ACAS BULLETIN
Spring 2005, No. 70
Africa and Iraq: Making the Connections

 

What Intellectuals Do in Peacetime1

Asma Abdel Halim

One must always begin one's resistance at home, against powers that as a citizen one can influence; but alas, a fluent nationalism masking itself as patriotism and moral concern has taken over the critical consciousness, which then puts loyalty to one's "nation" before everything. At that point there is only the treason of the intellectuals, and complete moral bankruptcy.

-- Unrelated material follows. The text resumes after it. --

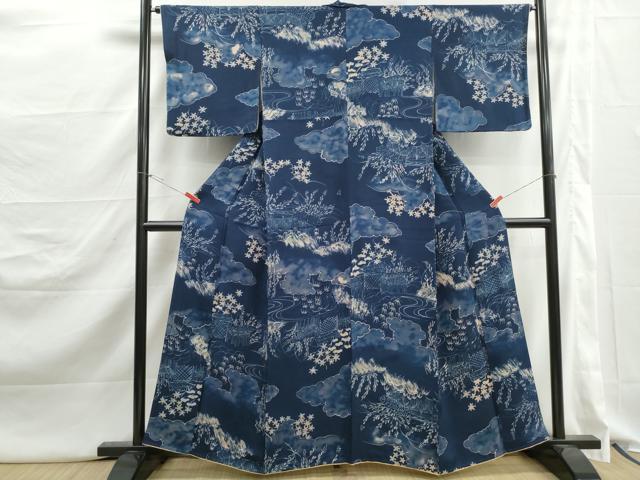 平和屋着物■上質な小紋　風景花文　暈し染め　正絹　逸品　DABJ5244qa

Edward Said: Al-Ahram Weekly 24 - 30 June 1999

Injustice has become endemic to Africa and fashionable as nationalism in the developed world. However, in some African countries there seems to be a conviction that the only cure to injustice is war.  Intellectuals around the world have devoted valuable time to the conceptualization and contextualization, and other difficult to pronounce words, of war and its causes and consequences. In the process they also engage in their own wars that, in my view, have contributed to setting the stage for bloody wars. They contribute in at least two ways: the first is their silence in the face of religious extremism, and their conviction that extremism is a bubble that will soon burst and lose its effect.  The second is their participation in the so called civilian branches of militia where they devote their time to justifying war and theorizing solutions through prophecies of new socio-economic relations formulated at the expense of uninformed poor civilians whose lives would be shattered for decades to come. After reading part of this at a recent workshop I think it wise to state the obvious: Not all intellectuals commit reckless acts; however, the sheer fact that the adjective intellectual applies to them is enough to hold them responsible for how they behave as intellectuals and how their silence or participation makes a difference. 

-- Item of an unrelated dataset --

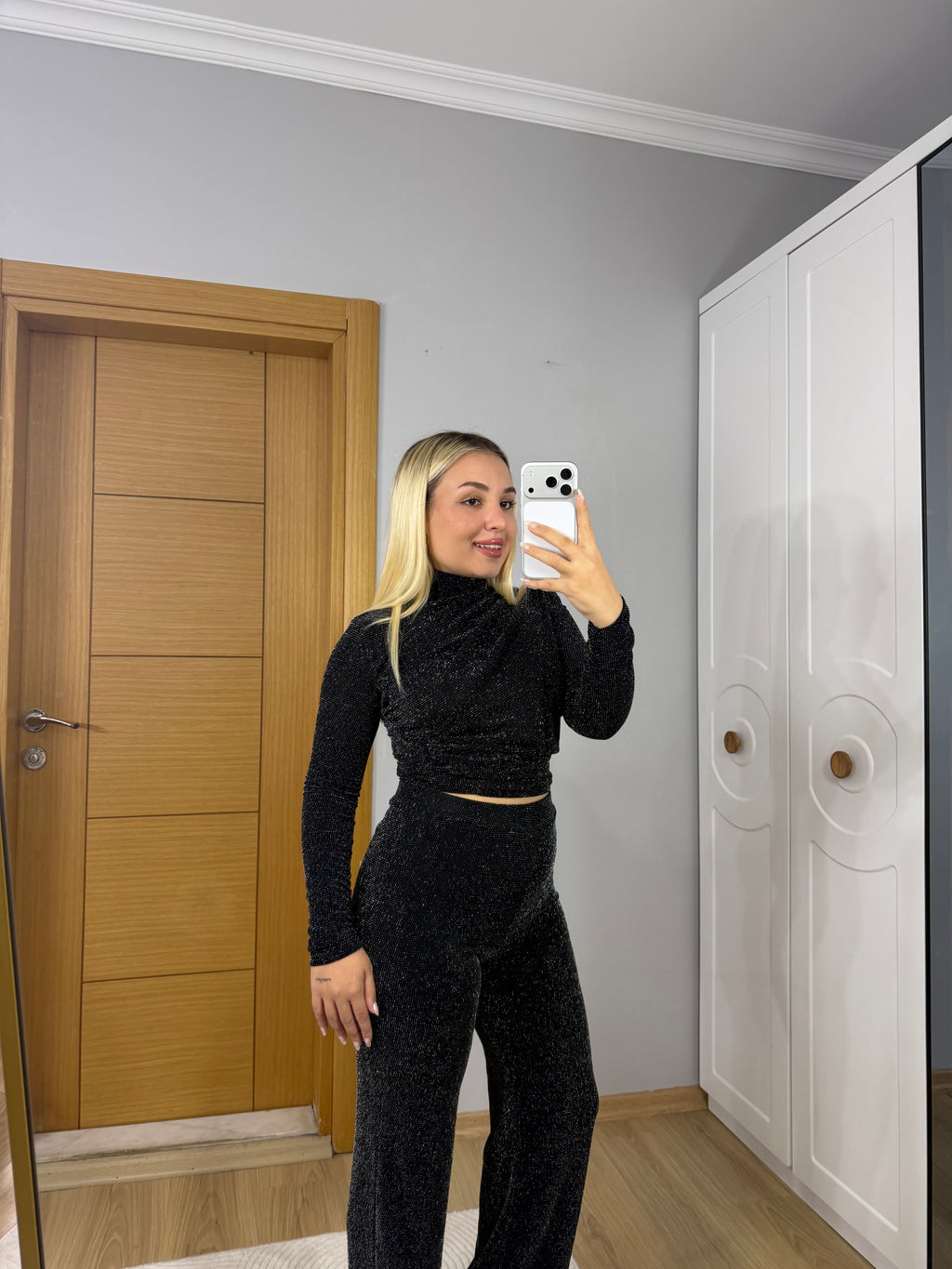 Işıltılı Sim Dokulu İkili Takım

The silence in the face of the extremist intellectuals has taken a heavy toll on the lives of the courageous intellectuals who performed their duty towards their communities and religions. Albagir Mukhtar of Amnesty International, London, recently decried the intellectuals' dire attempts after September 11th to exonerate Islam from sanctioning killing of the innocent.  Not that they had not done it before, but then they did it as if it were meant just to sit on shelves and be dug out by wide-eyed graduate students and other scholars. Those who courageously took the responsibility to confront fanaticism and destruction of their communities ended up hanging from gallows or exiled to other countries. One wonders whether it would have been possible for dictators to kill and exile them if all intellectuals stood fast behind the courageous ones, through words and actions. Cases in point are Mahmoud M. Taha of Sudan, Ken Sara wiwa of Nigeria, and Nasr Hamid Abuzaid of Egypt. Intellectuals around the world were busy trying to agree or disagree with the scholars and publish their opinions rather than take the moral and ethical stand of supporting them, whether they agreed with them or not. For some reason intellectualism seems to be the antithesis of activism. Lack of activism in the anti-extremist camp allowed the extremists’ message about injustice to be carried to the grassroots, while the counter-message remained the domain of sympathetic western and apologetic Muslim scholars.

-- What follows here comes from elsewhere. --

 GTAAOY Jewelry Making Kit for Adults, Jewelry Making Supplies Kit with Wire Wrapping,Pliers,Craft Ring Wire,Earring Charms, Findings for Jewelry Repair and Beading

The civil wars and other upheavals in the Sudan may serve as good examples of how intellectuals have been part and parcel of the wars and other conflict situations. Intellectuals who are participating in the war rhetoric, whether they are from the government side or the rebel side, are engaged in a war of words—words that never reached the more than one million people who have been displaced and the 50,000 killed in Darfur region. The internet revolution has made easy the exchange of insulting partisan or ethnic foul language that may sometimes culminate in intellectual lynching.  The formation of troops to attack someone on a list-serve or a discussion board is an amazing daily exercise on those lists, topped only by the formation of long lines to congratulate or pay condolences to a list member for a sad or happy occasion. The keyboard troops lead character assassination expeditions, descriptions of past and future battlefields and exchange of nationalistic jargon that borrows from the heritage of war. 

For almost sixteen years Sudan has been under the thumb of Islamist extremists whose cadres spent at least twenty years organizing to take power. Their organization made them the envy of the rest of the political entities. They took over the major financial institutions by initiating their own banks, insurance and other public and private companies. They spread their influence carefully in both military and civilian institutions. They knew that from then on they only had to wake up early enough to overthrow the democratic government.2 Despite the fact that their financial institutions were failing, they managed to overthrow the elected government and to threaten all other stronger financial institutions.

Islamist intellectuals were pivotal in turning the war between the government and the Southern Sudanese rebels into a religious one. They carefully chose military chants and used the media especially radio and television to spread ideals that they themselves knew were silly but were effective in playing on the religious passions of Sudanese Muslims. The propaganda ranged from silly stories of monkeys fighting with soldiers and trees chanting Allahu Akbar, to holding wedding parties for the martyrs whom they were sure were being wed to the celestial wide-eyed females in heaven. In their endeavor to Islamize the whole country they sold Islam as a unifying factor that worked against racism and nationalism. They turned the conflict over power into a holy war. Now that the American administration had forced both sides into a peace agreement, the Islamist rhetoric quickly changed into one of ethnicity and a warning that Muslims would be wiped out by the Southern rebels who found their way into the capital city after the peace agreement.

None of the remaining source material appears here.